The Supreme Court reversed the Fourth Circuit Wednesday, agreeing with Cox that it was not liable for subscribers’ infringement as long as the company didn’t promote piracy or provide a service that was only usable for piracy. Simply providing broadband didn’t meet that bar, the court found.
“This Court has repeatedly made clear that mere knowledge that a service will be used to infringe is insufficient to establish the required intent to infringe,” Thomas wrote.
Cox was predictably pleased.
“After years of battling in trial and appellate courts, this opinion affirms that Internet service providers are not copyright police and should not be held liable for the actions of their customers – and we have definitively shut down the music industry’s aspirations of mass evictions from the internet,” a Cox spokesperson said in an email.

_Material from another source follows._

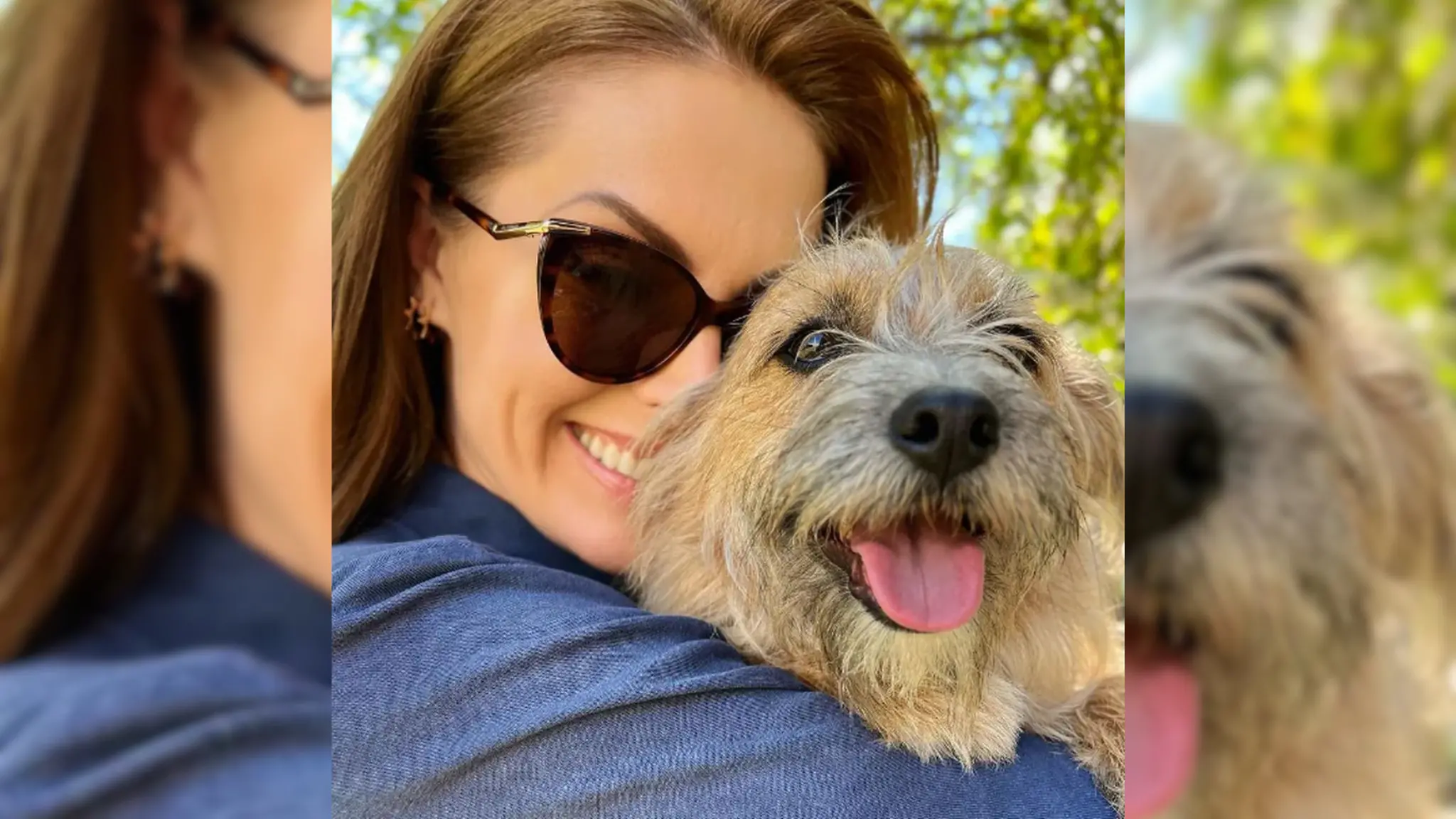 Imagem da notícia: Cachorro que defendeu Ana Hickmann foi resgatado da rua pela apresentadora; relembre história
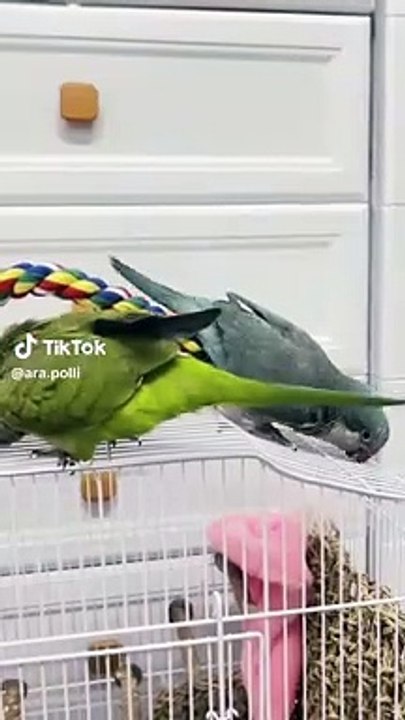 Monk mating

Both the Trump administration and consumer advocates had taken Cox’s side, arguing Sony’ position that Cox should have to take subscribers offline after repeated infringement notices would lead to people and businesses being preemptively cut off from the internet.
“Today’s decision laid to rest the idea that private actors – and not just any private actors, but record labels – can determine when customers deserve to be excluded from applying to jobs, paying bills, and getting an education,” Meredith Rose, senior policy counsel at Public Knowledge, which had supported Cox, said in a statement. “That view of the world is not only nonsensical and dated, but also fundamentally anti-democratic.”
Sony did not immediately respond to a request for comment.
“We are disappointed in the Court's decision vacating a jury's determination that Cox Communications contributed to mass scale copyright infringement, based on overwhelming evidence that the company knowingly facilitated theft,” Mitch Glazier, CEO of the music industry trade group Recording Industry Association of America, said in a statement. “To be effective, copyright law must protect creators and markets from harmful infringement and policymakers should look closely at the impact of this ruling.”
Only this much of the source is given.